We are in the middle of a coffee price crisis that’s impacting million of families around the world whose livelihoods depend on coffee farming. In May of this year, the price of arabica beans fell to a 14-year low of around 90 cents a pound on the Intercontinental Exchange. Coffee farmers are losing money and being driven deeper into debt with every sale, even as many of them sell their coffee beans to some of the world’s best-known specialty coffee brands. Communities are going hungry.

If you’re looking at your $5-6 latte and thinking this doesn’t add up, you’re right. The Wall Street Journal reported last year that the price of specialty coffee purchased at retail rose last year to $23.87 a pound, even as the composite price for green coffee purchased from farmers fell to less than $1 a pound.  

It can’t go on like this. It won’t. Unless farmers start receiving fair prices for their coffee, the human, environmental, and economic damage will only get worse. More and more farmers will leave their farms in search of more stable livelihoods for their families.

Even though the market has failed them, we will not. While we ultimately want systemic change for a deeply-broken coffee industry, we can spur that along by purchasing coffee that provides stability for producers in desperate times like these.

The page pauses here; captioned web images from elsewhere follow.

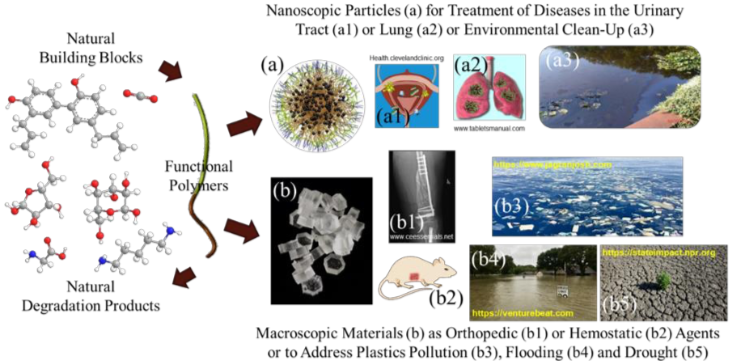 Nano Particles For Treatment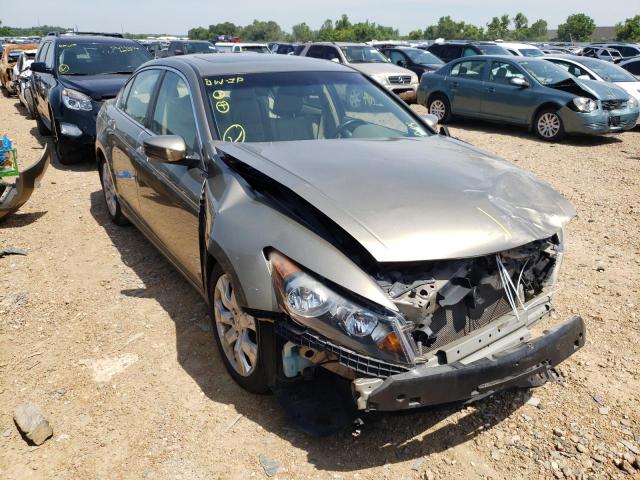 HONDA ACCORD EXL 2010 1hgcp2f89aa071504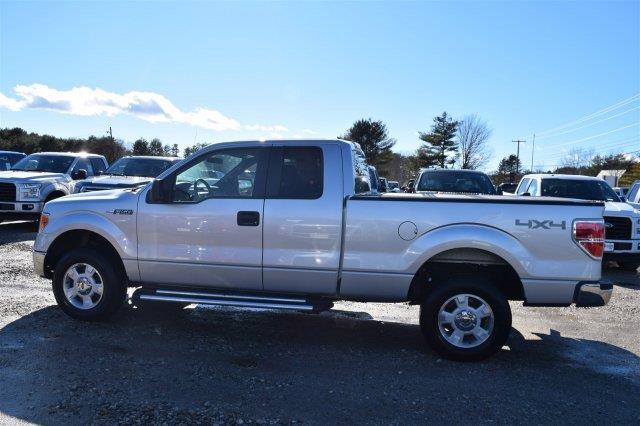 2014 ford f-150 xlt 4x4 xlt 4dr supercab styleside 6.5 ft. sb for sale in yarmouth, maine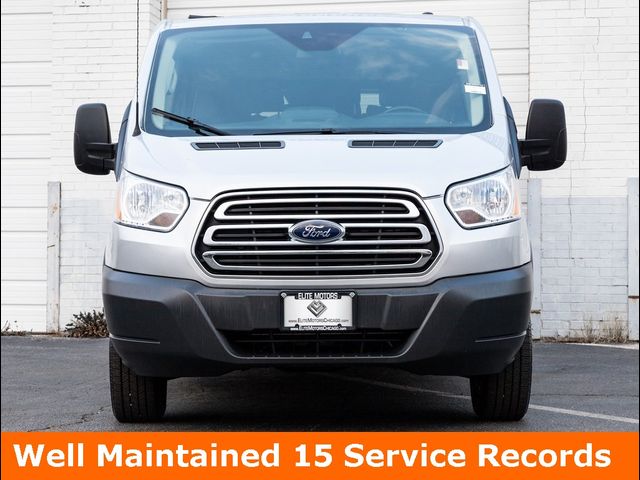 2017 Ford Transit XLT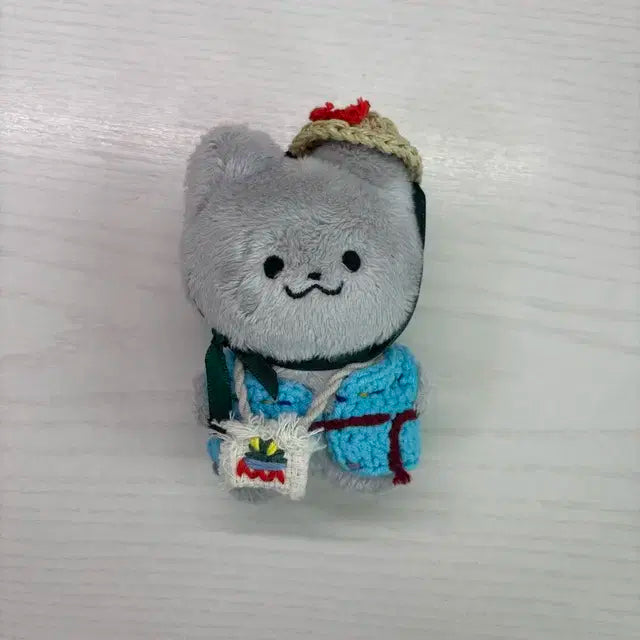 더보이즈 주연 주냥이 인형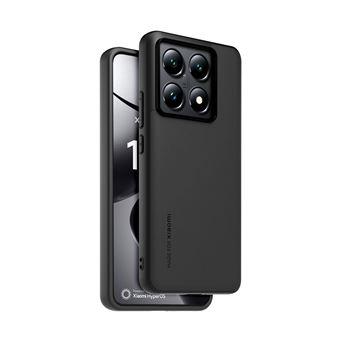 Made For Xiaomi Funda premium negra para Xiaomi 14T Pro
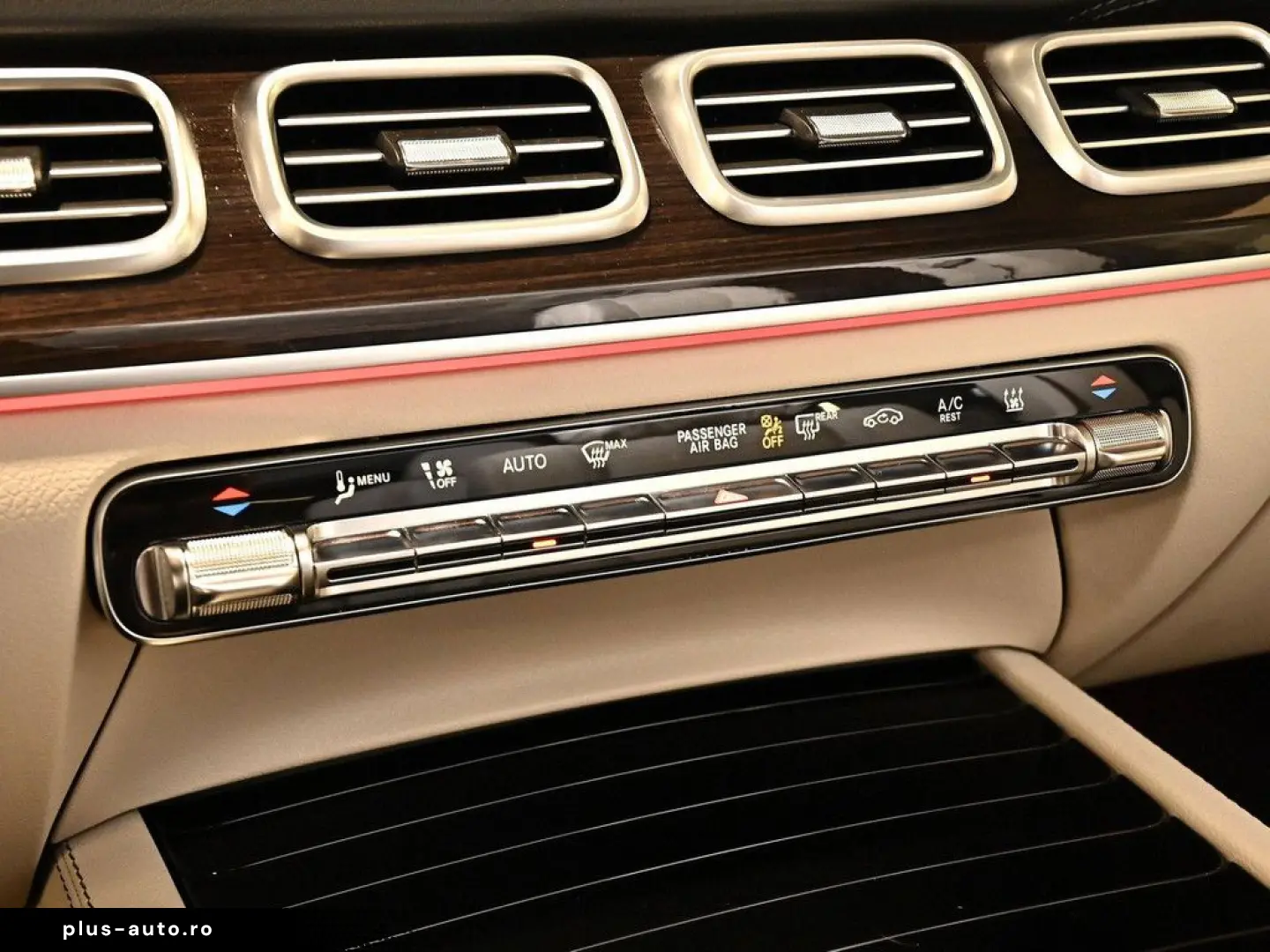 MERCEDES-BENZ GLS 580 4M AMG Line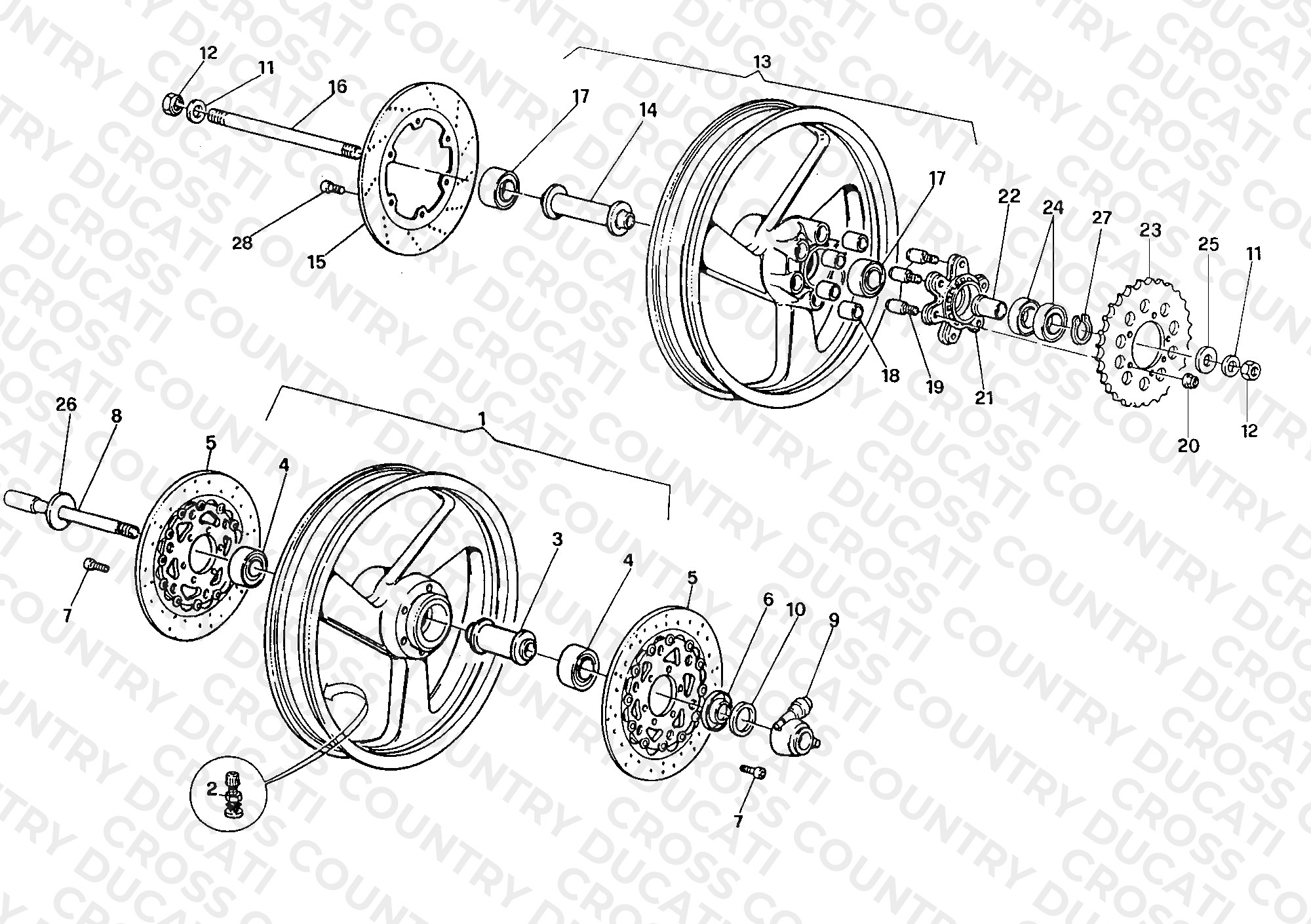 Wheels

So far, fair trade is the only mainstream model that guarantees a minimum price for coffee producers (at least $1.40/lb and 30 cents more for organic). Tell coffee companies it’s unacceptable to only pay fair prices when it’s convenient and blame the market when it’s not. At the very least, we want all coffee companies to take responsibility for their role in ending this crisis by committing to minimum prices, and we want coffee that’s not driving farmers into poverty. Simple as that.